* YOUR OBJECTIVE: Output only the lines below that start at the line containing "Инфографика" and end at the line containing "Printer Redirection diagram and image", with both ends kept.

* SUPPLIED DATA:
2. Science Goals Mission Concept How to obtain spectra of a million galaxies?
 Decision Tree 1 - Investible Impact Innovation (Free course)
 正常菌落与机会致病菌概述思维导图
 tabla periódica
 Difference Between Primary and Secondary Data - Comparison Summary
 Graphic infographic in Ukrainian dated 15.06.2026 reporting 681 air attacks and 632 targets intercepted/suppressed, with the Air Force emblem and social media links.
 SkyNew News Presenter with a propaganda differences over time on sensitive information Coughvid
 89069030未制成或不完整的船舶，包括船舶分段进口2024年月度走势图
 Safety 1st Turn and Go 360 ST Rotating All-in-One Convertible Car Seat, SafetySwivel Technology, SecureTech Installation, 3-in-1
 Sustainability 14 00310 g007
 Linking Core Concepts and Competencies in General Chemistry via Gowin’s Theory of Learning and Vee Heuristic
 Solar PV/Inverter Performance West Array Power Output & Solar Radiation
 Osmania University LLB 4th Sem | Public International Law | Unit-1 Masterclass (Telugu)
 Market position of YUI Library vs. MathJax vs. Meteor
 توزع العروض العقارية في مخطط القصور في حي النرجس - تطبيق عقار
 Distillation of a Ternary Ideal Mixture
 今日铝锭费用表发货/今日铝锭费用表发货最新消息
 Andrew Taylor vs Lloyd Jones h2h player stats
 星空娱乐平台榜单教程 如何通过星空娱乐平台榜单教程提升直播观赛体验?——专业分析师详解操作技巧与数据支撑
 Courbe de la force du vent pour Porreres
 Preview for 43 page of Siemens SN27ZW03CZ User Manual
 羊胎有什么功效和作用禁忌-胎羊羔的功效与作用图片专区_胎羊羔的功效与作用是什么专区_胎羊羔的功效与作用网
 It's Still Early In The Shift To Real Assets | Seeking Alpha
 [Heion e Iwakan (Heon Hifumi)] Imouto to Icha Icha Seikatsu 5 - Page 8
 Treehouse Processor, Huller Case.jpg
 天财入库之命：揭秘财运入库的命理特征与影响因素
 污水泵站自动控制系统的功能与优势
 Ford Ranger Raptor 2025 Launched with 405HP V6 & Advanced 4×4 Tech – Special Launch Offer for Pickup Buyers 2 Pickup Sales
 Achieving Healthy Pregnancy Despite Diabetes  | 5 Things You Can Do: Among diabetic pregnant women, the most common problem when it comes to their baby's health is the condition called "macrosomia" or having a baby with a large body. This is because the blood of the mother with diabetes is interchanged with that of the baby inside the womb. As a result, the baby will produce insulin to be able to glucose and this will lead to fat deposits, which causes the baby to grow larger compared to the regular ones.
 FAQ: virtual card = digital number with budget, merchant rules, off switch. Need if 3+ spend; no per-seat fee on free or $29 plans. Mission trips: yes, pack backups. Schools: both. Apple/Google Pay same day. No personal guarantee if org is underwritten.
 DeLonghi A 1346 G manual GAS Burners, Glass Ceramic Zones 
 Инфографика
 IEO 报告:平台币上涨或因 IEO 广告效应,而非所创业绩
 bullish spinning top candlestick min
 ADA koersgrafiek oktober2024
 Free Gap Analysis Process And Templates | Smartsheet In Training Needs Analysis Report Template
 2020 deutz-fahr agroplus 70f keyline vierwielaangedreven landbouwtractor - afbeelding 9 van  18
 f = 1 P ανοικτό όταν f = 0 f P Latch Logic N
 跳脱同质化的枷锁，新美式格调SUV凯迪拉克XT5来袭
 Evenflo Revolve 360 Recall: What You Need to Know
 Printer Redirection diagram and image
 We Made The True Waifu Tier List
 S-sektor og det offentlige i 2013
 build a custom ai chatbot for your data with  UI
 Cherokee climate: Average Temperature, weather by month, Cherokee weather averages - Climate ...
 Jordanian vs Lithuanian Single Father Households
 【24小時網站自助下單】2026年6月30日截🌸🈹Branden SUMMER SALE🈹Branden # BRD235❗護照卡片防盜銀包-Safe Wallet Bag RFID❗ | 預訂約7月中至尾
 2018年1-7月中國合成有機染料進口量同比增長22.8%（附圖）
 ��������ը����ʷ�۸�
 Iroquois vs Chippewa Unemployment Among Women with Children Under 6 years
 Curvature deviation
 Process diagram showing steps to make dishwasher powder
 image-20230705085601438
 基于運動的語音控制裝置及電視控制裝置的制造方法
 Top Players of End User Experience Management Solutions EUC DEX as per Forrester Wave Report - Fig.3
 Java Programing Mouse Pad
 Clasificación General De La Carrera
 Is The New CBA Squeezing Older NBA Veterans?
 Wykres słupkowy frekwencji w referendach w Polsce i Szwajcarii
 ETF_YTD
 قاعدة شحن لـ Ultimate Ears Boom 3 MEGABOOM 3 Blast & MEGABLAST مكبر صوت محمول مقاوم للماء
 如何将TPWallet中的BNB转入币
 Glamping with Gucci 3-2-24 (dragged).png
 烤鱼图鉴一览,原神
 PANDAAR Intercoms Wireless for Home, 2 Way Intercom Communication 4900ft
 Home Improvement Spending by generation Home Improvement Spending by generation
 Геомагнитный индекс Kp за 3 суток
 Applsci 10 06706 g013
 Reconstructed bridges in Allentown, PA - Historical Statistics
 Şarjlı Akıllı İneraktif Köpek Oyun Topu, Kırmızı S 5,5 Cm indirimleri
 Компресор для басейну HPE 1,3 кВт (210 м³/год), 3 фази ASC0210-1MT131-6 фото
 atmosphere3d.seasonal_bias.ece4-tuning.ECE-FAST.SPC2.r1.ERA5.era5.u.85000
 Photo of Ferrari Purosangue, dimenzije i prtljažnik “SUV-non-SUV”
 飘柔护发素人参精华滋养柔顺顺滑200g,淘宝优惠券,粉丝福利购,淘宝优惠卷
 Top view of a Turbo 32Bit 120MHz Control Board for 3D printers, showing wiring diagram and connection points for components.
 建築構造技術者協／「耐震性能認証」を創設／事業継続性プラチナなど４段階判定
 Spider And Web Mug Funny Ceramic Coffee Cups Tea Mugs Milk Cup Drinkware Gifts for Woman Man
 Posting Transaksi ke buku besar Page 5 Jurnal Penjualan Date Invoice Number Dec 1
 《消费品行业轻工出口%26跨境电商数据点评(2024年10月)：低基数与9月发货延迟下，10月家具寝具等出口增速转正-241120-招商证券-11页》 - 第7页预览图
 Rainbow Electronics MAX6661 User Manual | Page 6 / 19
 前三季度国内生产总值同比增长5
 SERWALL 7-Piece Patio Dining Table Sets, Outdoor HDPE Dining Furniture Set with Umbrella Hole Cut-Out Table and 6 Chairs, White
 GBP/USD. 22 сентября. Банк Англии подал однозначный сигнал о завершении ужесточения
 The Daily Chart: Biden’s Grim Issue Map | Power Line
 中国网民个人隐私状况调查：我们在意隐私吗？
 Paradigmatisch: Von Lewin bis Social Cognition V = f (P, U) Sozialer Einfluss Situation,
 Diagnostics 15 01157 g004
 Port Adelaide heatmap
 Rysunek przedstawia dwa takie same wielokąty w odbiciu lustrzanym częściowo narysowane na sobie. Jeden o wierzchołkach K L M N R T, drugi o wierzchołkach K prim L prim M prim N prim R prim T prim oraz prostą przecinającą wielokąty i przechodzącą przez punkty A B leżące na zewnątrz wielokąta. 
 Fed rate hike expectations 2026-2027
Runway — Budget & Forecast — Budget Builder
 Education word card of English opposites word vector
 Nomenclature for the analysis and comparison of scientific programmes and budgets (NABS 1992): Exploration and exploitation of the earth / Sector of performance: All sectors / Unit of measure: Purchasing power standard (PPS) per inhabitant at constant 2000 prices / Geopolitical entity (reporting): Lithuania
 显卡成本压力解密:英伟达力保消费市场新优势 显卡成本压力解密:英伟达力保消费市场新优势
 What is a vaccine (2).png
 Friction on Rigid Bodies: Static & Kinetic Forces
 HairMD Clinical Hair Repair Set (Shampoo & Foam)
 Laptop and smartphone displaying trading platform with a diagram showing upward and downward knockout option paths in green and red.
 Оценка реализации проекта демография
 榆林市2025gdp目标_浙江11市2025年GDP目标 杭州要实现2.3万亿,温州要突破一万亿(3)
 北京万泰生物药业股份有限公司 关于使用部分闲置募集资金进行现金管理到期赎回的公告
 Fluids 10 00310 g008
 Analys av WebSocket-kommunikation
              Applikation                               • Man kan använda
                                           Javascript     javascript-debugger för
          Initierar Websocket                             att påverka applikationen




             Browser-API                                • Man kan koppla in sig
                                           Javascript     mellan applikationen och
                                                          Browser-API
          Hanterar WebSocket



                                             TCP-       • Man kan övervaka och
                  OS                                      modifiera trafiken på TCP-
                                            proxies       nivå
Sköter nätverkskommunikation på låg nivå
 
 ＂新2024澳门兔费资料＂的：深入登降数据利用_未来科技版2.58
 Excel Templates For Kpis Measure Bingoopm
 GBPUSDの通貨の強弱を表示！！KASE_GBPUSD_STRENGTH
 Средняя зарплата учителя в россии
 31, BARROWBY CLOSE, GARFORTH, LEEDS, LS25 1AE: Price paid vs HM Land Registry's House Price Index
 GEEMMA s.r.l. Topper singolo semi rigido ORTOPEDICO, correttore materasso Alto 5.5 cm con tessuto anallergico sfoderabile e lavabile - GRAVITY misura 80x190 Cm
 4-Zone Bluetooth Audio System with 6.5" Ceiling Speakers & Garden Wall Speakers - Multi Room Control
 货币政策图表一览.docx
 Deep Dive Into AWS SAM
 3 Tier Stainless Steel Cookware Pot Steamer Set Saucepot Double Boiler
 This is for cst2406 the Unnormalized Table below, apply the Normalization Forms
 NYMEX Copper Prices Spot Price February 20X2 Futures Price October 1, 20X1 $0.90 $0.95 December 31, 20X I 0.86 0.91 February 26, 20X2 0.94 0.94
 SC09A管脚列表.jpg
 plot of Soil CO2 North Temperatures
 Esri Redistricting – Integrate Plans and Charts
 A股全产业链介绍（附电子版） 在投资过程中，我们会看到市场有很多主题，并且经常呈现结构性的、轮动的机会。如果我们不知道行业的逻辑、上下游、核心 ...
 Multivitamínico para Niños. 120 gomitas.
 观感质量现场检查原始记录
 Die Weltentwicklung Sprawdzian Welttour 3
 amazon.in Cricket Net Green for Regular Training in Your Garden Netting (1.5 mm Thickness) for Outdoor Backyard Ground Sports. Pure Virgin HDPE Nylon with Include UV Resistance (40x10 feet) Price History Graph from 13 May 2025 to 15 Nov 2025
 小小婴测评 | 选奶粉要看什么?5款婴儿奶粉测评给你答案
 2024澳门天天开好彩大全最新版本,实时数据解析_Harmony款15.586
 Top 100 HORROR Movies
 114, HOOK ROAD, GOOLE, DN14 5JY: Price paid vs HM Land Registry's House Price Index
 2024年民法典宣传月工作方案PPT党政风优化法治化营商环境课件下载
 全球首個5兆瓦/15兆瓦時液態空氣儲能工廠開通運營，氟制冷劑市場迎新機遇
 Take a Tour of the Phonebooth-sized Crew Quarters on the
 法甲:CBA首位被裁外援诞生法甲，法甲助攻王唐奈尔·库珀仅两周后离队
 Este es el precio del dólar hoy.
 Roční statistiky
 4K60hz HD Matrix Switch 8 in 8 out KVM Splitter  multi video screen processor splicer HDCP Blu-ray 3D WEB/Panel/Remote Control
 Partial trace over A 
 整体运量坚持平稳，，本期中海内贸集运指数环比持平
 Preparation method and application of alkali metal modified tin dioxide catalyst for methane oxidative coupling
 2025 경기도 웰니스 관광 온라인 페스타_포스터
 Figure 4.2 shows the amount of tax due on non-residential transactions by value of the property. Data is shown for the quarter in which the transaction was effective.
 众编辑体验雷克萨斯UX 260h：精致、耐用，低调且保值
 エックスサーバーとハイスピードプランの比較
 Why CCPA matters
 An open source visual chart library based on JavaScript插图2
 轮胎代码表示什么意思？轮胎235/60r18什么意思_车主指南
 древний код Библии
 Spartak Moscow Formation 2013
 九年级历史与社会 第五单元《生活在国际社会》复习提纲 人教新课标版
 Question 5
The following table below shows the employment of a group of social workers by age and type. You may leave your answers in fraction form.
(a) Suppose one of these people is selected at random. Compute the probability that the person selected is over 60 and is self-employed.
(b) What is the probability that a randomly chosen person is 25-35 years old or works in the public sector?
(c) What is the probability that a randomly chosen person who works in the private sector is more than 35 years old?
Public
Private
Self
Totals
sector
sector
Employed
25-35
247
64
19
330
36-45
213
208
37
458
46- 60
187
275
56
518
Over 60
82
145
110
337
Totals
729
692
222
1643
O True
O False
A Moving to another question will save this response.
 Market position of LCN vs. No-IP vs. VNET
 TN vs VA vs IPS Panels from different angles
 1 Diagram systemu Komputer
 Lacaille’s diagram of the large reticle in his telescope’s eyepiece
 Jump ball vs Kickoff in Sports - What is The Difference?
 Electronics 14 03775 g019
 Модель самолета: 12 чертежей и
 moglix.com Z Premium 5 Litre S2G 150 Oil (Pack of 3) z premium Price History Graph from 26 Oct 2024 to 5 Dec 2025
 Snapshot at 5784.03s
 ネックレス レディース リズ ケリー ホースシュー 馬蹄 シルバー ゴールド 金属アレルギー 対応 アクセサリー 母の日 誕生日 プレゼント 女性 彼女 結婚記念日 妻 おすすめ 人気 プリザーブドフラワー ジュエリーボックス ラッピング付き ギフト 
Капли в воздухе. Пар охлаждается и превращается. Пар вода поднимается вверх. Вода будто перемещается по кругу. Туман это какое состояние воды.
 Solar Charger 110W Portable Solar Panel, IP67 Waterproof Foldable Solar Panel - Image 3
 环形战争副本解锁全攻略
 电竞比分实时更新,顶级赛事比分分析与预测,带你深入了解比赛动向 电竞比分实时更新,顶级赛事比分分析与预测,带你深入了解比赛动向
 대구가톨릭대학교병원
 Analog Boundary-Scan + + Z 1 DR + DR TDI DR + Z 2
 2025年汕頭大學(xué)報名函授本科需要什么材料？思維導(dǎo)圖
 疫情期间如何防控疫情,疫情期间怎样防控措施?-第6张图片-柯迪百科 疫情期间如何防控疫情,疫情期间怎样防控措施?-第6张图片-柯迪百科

* YOUR SOLUTION:
 Инфографика
 IEO 报告:平台币上涨或因 IEO 广告效应,而非所创业绩
 bullish spinning top candlestick min
 ADA koersgrafiek oktober2024
 Free Gap Analysis Process And Templates | Smartsheet In Training Needs Analysis Report Template
 2020 deutz-fahr agroplus 70f keyline vierwielaangedreven landbouwtractor - afbeelding 9 van  18
 f = 1 P ανοικτό όταν f = 0 f P Latch Logic N
 跳脱同质化的枷锁，新美式格调SUV凯迪拉克XT5来袭
 Evenflo Revolve 360 Recall: What You Need to Know
 Printer Redirection diagram and image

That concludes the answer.